Familial Frontiers
Curated by Tom Koren
Artists: Corinne Kitzis, Helia Chitsazan, Ira Eduardovna, Maria Mavropoulou, Shasha Dothan
February 21 - February 28, 2024
CP Projects Space at the School of Visual Arts is pleased to present Familial Frontiers, curated by MA Curatorial Practice student Tom Koren. Taking the notion of the classic family portrait and myths of the ideal home as its starting point, this exhibition aims to explore how domestic dynamics are shaped by overarching social, political, and historical realities, and to what extent these conflicted contexts can be revealed through family archives and self-documentation. The works exhibited complicate traditional forms of the family portrait by bringing these issues to the forefront, creating alternative portraits that are turned inside out, in an attempt to reveal what is often concealed.

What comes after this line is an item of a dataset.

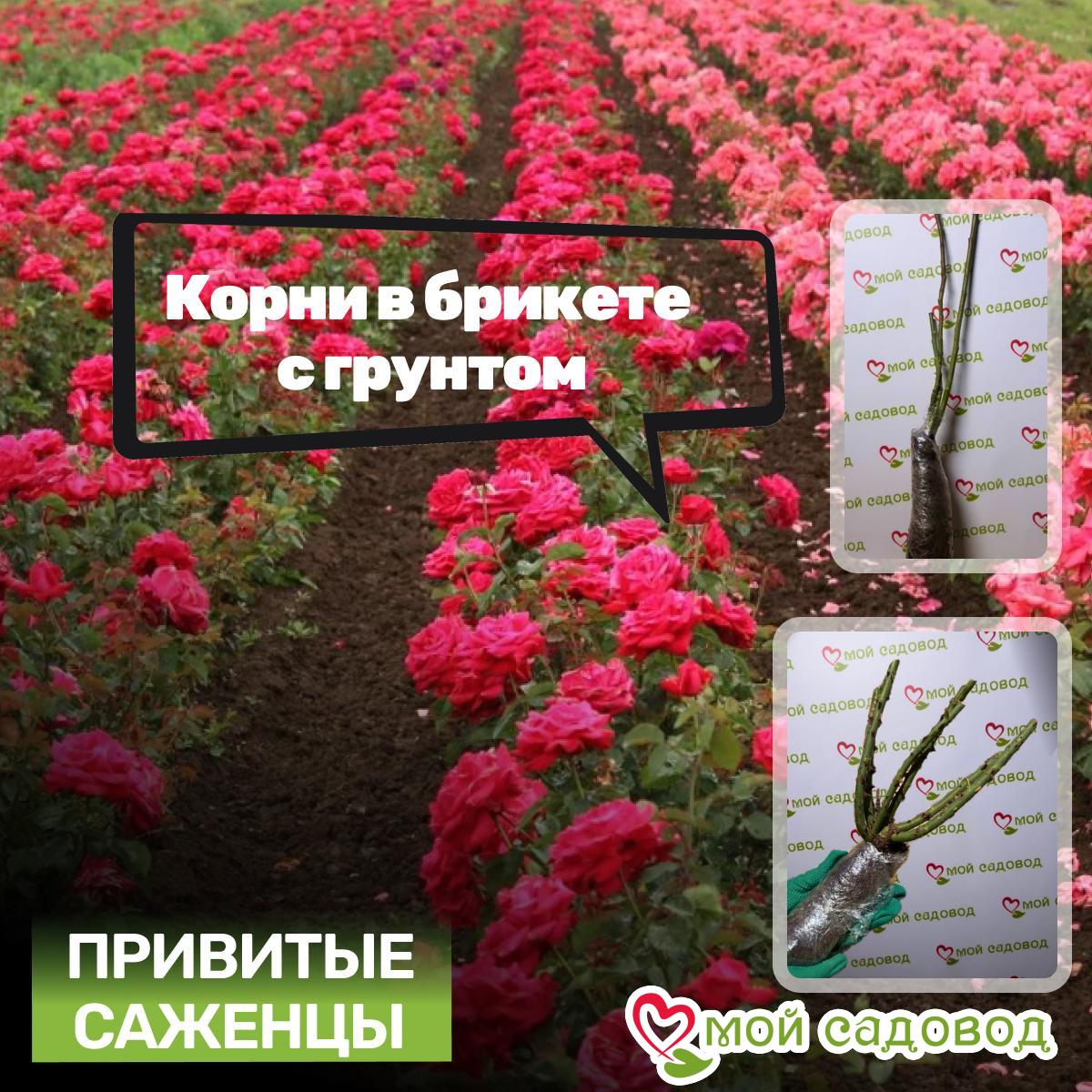 Роза Мунлит Блаш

Helia Chitsazan’s paintings and video installation focus on the familial gaze as an indicator of alienation within togetherness, while also exploring the domestic sphere as a veil of protection from contested political realities. Ira Eduardovna’s video metaphorically emphasizes the destabilizing effects immigration can have on the fragile infrastructure of the family home. Shasha Dothan uses autobiographical videos as self-reflexive interrogations of national identity as it is crafted and passed down through ancestral lineages and inherited traumas. Maria Mavropoulou’s digital images reveal how technology can infiltrate and disturb domestic intimacies but can also be used as a tool for reimagining lost family archives. The opening reception will feature a special screening of Corinne Kitzis’ short documentary My Mother and I, which touches the exposed nerve of mother-daughter tensions by confronting them from a gendered, inter-generational perspective and laying them bare with heart-wrenching honesty.
As a practice made up of both universal and highly particular qualities, this glimpse into various depictions of disrupted domesticities invites viewers to think about the ways their own familial structures are informed by external circumstances, and how this is manifested (or obscured) in their family self-representations.